Out ancestors had huge cojones hunting mammoths.
Actually, I think that whole discussion is in his “Earth In Upheaval”. :’)
Definitely, bfl!
Think I still have the paperback.
EARTH IN UPHEAVAL
In this epochal book, Immanuel Velikovsky, one of the great scientists of modern times, puts the complete histories of our Earth and of humanity on a new basis. He presents the results of his 10-year-long interdisciplinary research in an easily understandable, even entertaining manner.
Inspite - or even because - of the disgraceful hostility, provoked by his theories, this book keeps being of ardent topicality, which in the light of recent scientific research is even growing.

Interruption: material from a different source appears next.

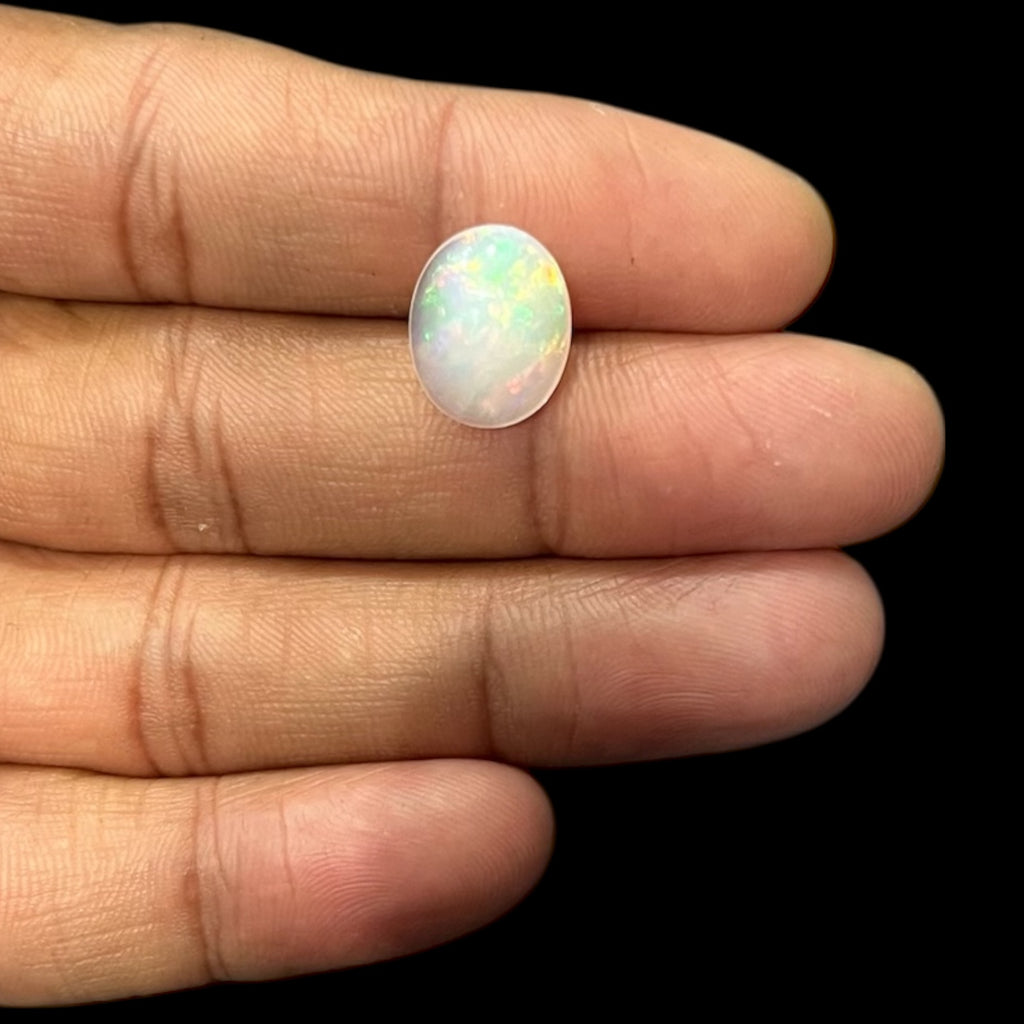 Natural Black Ethiopian Opal Stone 4.36 Carats Oval Cabochon Shape Size 14.2 x 11.4 x 5.5 mm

Earth in Upheaval - a very exactly investigated and easily understandable book - contains material that completely revolutionizes our view of the history of the earth.
For all those who have ever wondered about the evolution of the earth, the formation of mountains and oceans, the origin of coal or fossils, the question of the ice ages and the history of animal and plant species, Earth in Upheaval is a MUST-READ!
http://www.barnesandnoble.com/w/earth-in-upheaval-immanuel-velikovsky/1019336178
Walt always liked Mammoth. Made Joel upset as I recall.
Look there! Spotting a mammoth.
And all you have are 20 of you with sharp sticks.
What to do, what to do...
I first read Velikovsky’s works in the 1970’s. It had an impact on me.
Maybe a mammoth, injured by hunters, escaped into the river and was washed downstream a long way from where the people attacked it.
I don’t have access to the text (it used to be available for d/l), but perhaps *someone* does...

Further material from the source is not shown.